The primary system that NFS uses for authenticating servers is based on IP host addresses and hostnames. NFS packets are not encrypted or digitally signed in any way. Thus, an attacker can spoof an NFS client either by posing as an NFS server or by changing the data that is en route between a server and the client. In this way, an attacker can force a client machine to run any NFS-mounted executable. In practice, this ability can give the attacker complete control over an NFS client machine.
At mount time, the UNIX mount command allows the client system to specify whether or not SUID files on the remote filesystem will be honored as such. This capability is one of the reasons that the mount command requires superuser privileges to execute. If you provide facilities to allow users to mount their own filesystems (including NFS filesystems as well as filesystems on floppy disks), you should make sure that the facility specifies the nosuid option.
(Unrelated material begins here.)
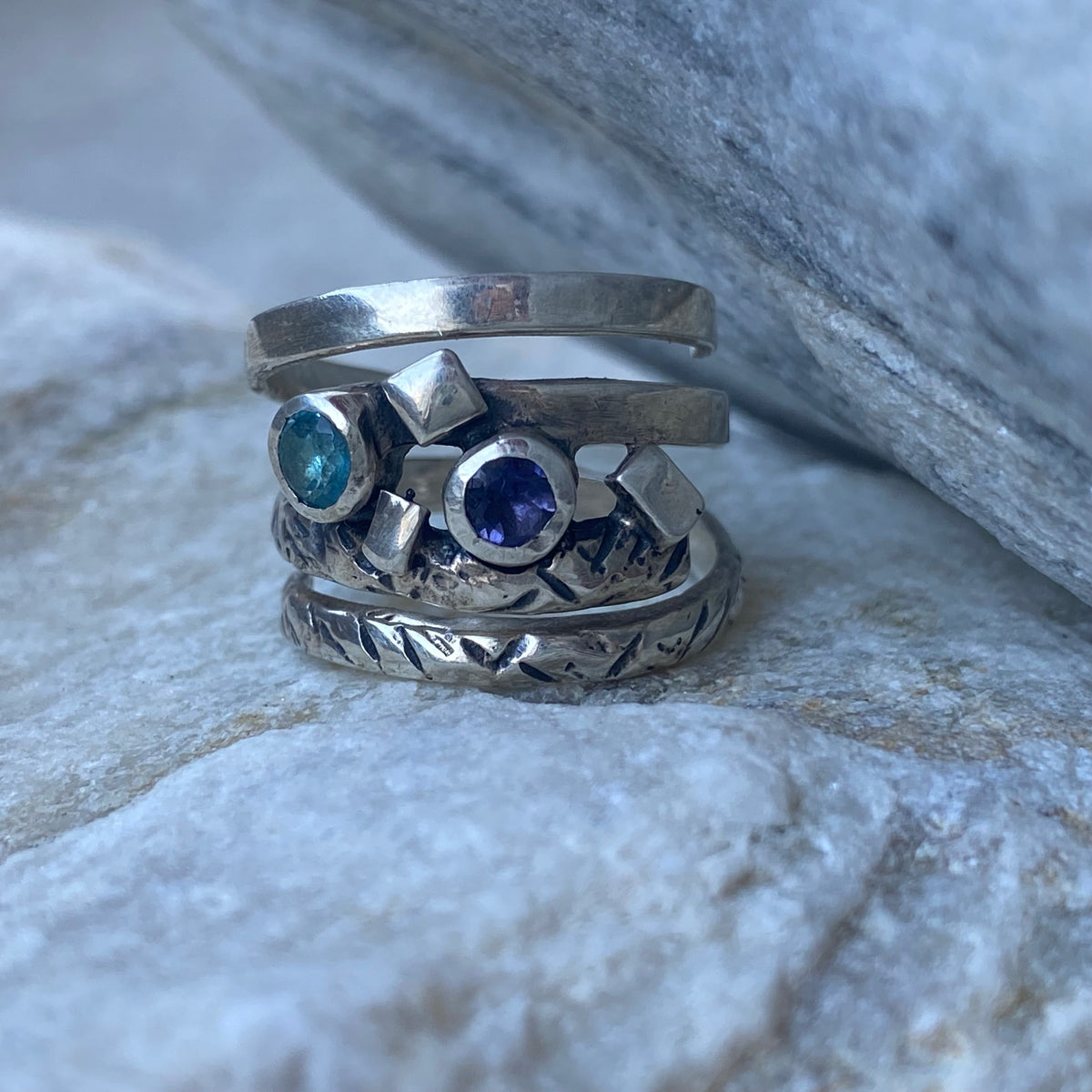 Silver spiral ring with blue gemstones, silver spring ring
Otherwise, users might mount a disk that has a specially prepared SUID program that could cause you some headaches later on.
NFS can also cause availability and performance issues for client machines. If a client has an NFS partition on a server mounted, and the server becomes unavailable (because it crashed, or because network connectivity is lost), then the client can freeze until the NFS server becomes available. Occasionally, an NFS server will crash and restart and - despite NFS's being a connectionless and stateless protocol - the NFS client's file handles will all become stale. In this case, you may find that it is impossible to unmount the stale NFS filesystem, and your only course of action may be to forcibly restart the client computer.
Here are some guidelines for making NFS clients more reliable and more secure:
Make sure that your computer is either an NFS server or an NFS client, but not both.
If possible, do not allow users to log into your NFS server.
Don't allow your NFS clients to mount NFS servers outside your organization.
Minimize the number of NFS servers that each client mounts. A system is usually far more reliable and more secure if it mounts two hard disks from a single NFS server, rather than mounting partitions from two NFS servers.
If possible, disable the honoring of SUID files and devices on mounted partitions.